Remember global warming? Back in December, the threat of climate change was thundering and the rich countries agreed to cut their carbon-dioxide and other green-house-related emissions. Since then, interest has cooled markedly, and many European countries are already running away from the promises they made so loudly a few months ago. But there has been much talk, and a bit of action, to encourage renewable energies such as wind, hydro, solar and all living organisms. These emit no greenhouse gases, but tend to cost more than coal, oil or gas.
The better, simpler idea is to remember that the easiest way to reduce something is to tax it - in this case, by taxing the carbon content power. The dirtier the power, the more tax would be charged. So dirty coal would be more expensive than clean energy, so coal would see its price rise in relation to oil, which would be more expensive compared with gas, which would lose some of its price advantage over renewables.
Unless a carbon tax was so huge as to be economically crippling, it would not remove the price differential between all renewables and fossil fuels. But it would narrow that gap, by fixing the differing environmental costs into the price - a useful principle in itself. It would also give renewable producers a strong incentive to cut costs, and fossil-fuel suppliers the motivation to clean their products.

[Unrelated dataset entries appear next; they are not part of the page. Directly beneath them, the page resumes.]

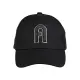 【FURLA 芙拉】FURLA刺繡拱形LOGO混紡棉質棒球帽(女款/黑)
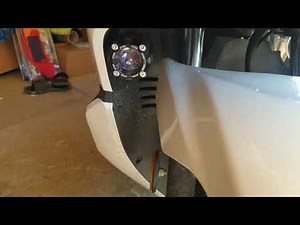PCX 150, Side fairings removal and atom ripper driving lights installed
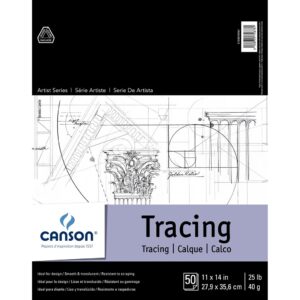 Canson Artist Series Tracing Pads - Natural White 11 x 14 in 40gsm (25lb)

Precedents suggest strongly that a carbon tax would be effective. But the disadvantage to carbon tax is political. After almost a decade of trying, the European Union gave up an attempt at a European carbon tax last year. Germany’s ruling coalition is fighting against a proposed energy tax. In America, politicians believe that even mentioning the notion is certain death. But many of the political objections could be met if a carbon tax were made up for the loss elsewhere, for example by lowering payroll or sales taxes. There is always suspicion when governments come up with clever new ways to tax, and rightly so. The response to that suspicion should be to win the argument, not to abandon it.
6. According to the passage, the easiest way to remove global warming is ___________.

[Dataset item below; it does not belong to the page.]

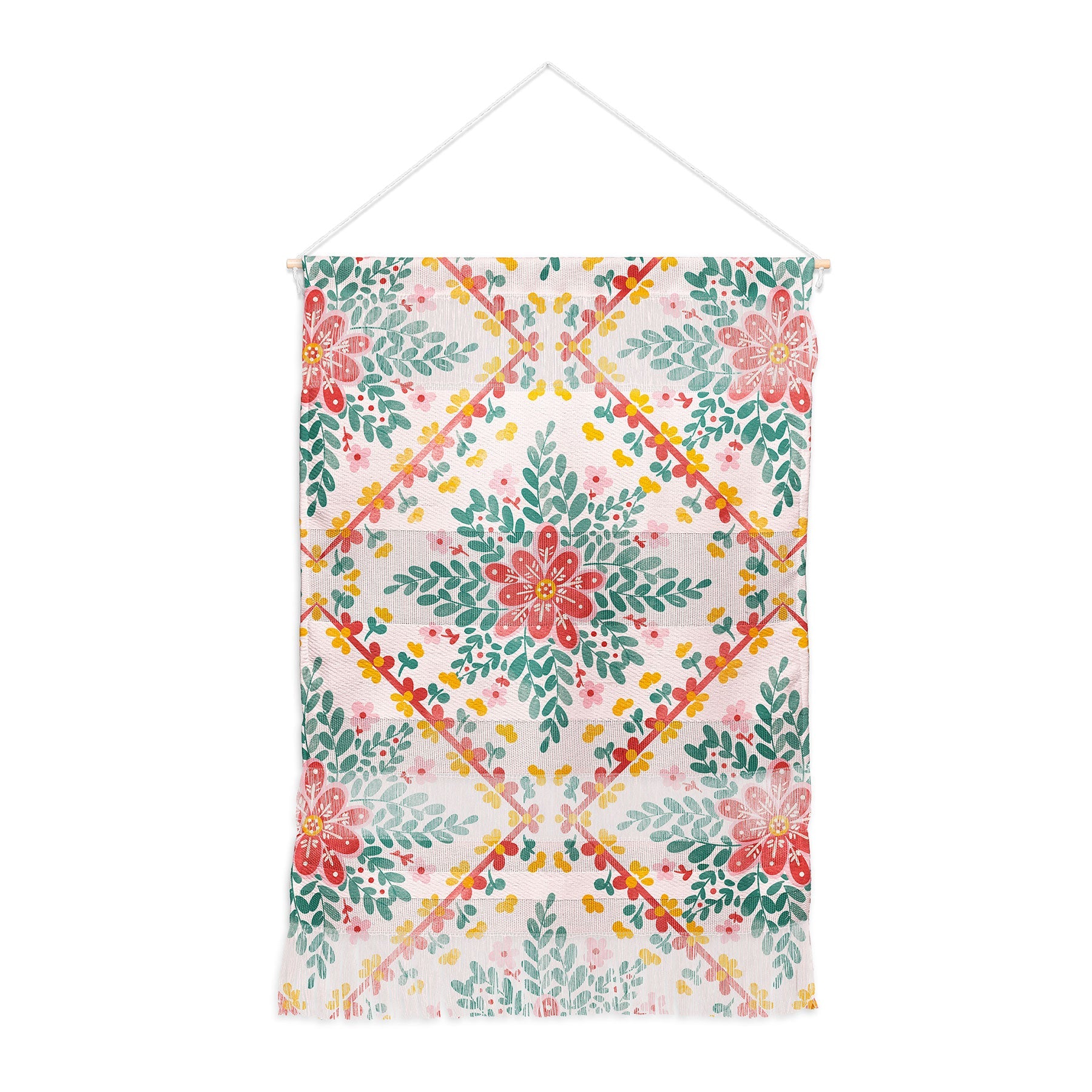 Marta Barragan Camarasa Chic Floral Geometry Wall Hanging Portrait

A. to encourage people to use renewable energies
B. to cut down the cost of wind, hydro, solar and all living organisms
C. to force people to pay more tax for the carbon content of power
D. to talk less but act more
7. The standard of paying tax was _________.

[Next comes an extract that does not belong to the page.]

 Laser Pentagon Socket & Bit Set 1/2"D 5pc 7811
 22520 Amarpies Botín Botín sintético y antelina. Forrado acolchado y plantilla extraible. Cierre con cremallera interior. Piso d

A. that the more carbon content of power it contained, the higher tax one would pay
B. that oil would be more expensive than clean coal
C. that renewables would be most expensive of all
D. in the order that renewables are the most expensive while clean coal the cheapest
8. We can infer from the passage that carbon tax ___________.
A. may not be as effective as people expect
B. has encouraged renewable producers to cut costs
C. has reduced consumption of the carbon content energy successfully
D. couldn’t be that effective if fossil fuels would not be forbidden
9. The underlined word "crippling" (Para. 3) most probably means _________.
A. greatly increasing
B. seriously weakening
C. sharply declining
D. abruptly halting
10. The reason why many countries stopped introducing carbon tax eventually was mainly that ___________.
A. governments had tried to put it into effect for many years but with no obvious result
B. if one country made up the loss by paying the carbon tax, other countries would follow it
C. governments were afraid of being suspected if they adopted the new tax
D. governments had been discussing what to do with carbon tax for a long time, but they didn’t believe it themselves.